▶ Action item
Your answer must consist solely of the lines from the one containing "Used 2025 Ford" through the last line of the records below, reproduced exactly, with all pictures omitted.

▶ Material provided

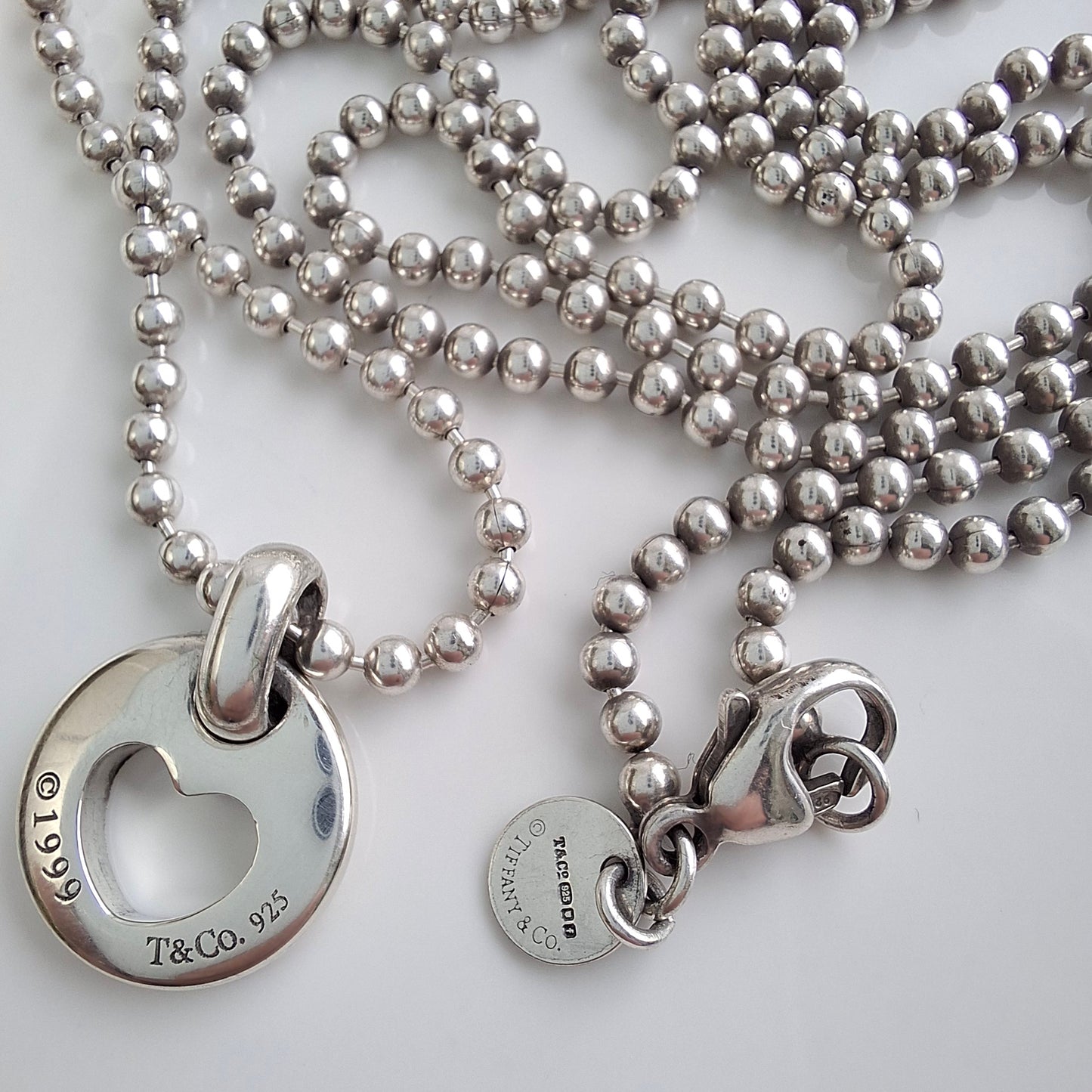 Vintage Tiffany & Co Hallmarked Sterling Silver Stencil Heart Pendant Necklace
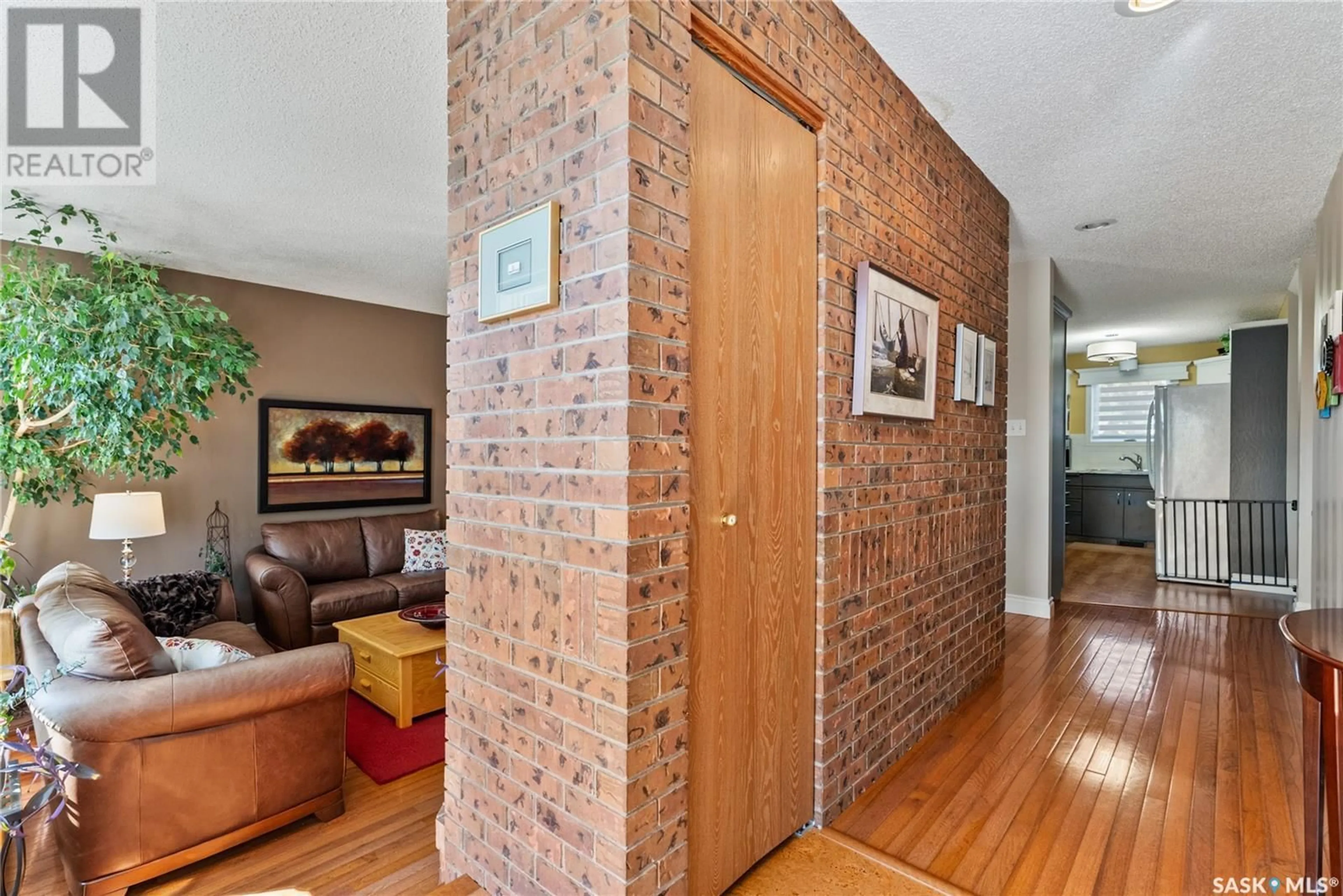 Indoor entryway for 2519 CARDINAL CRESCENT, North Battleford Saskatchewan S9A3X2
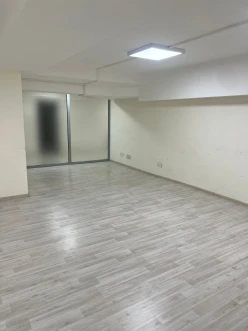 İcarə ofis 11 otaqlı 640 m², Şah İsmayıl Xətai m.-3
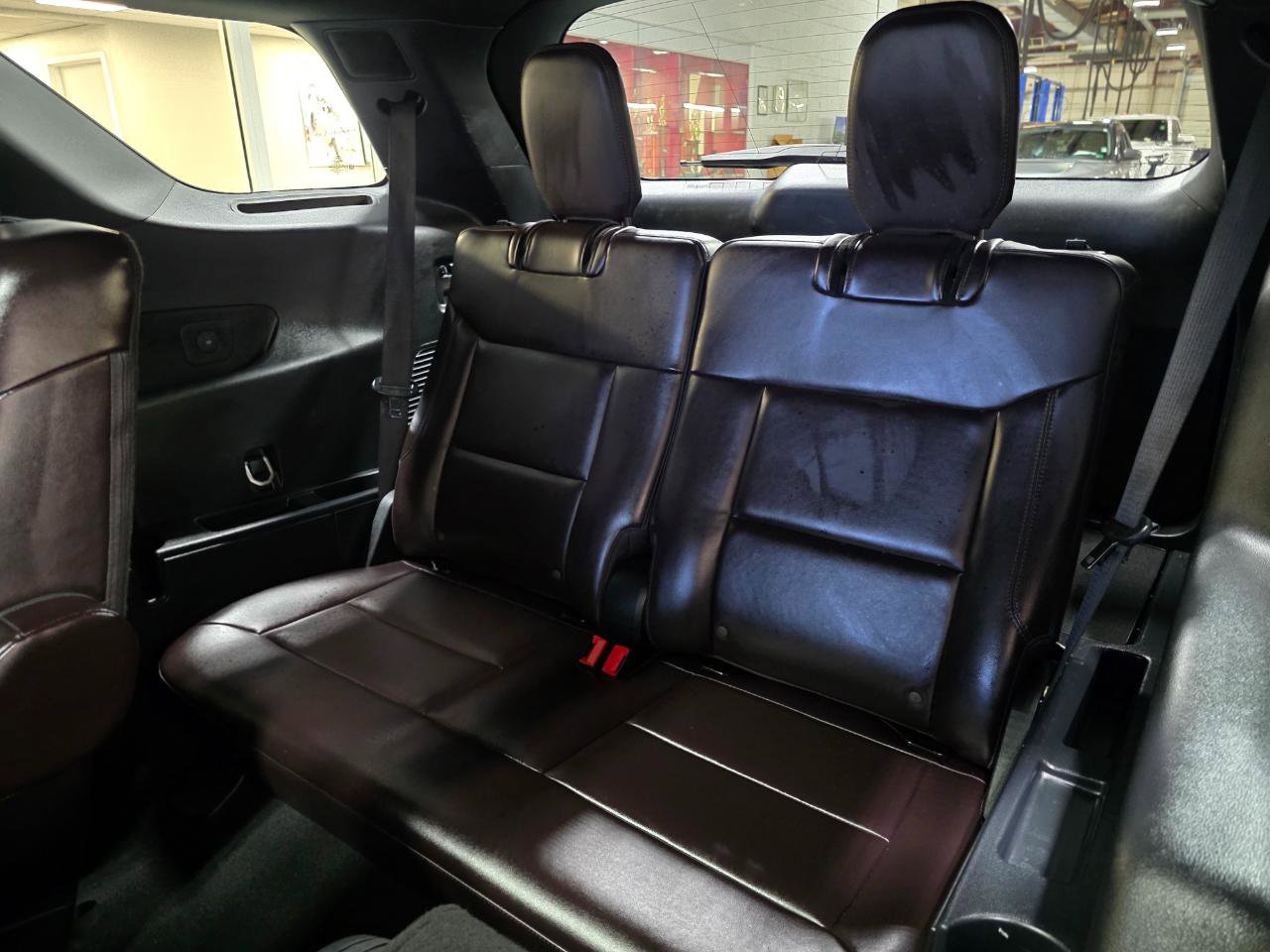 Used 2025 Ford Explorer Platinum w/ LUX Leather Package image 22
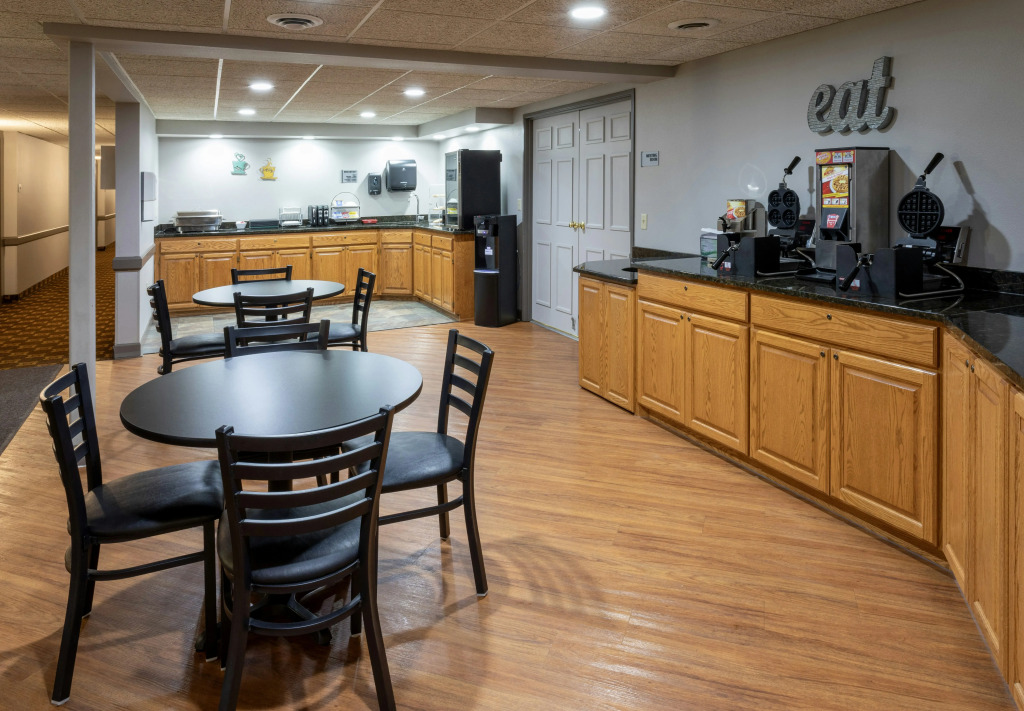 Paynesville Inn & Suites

▶ Solution to the problem
 Used 2025 Ford Explorer Platinum w/ LUX Leather Package image 22
 Paynesville Inn & Suites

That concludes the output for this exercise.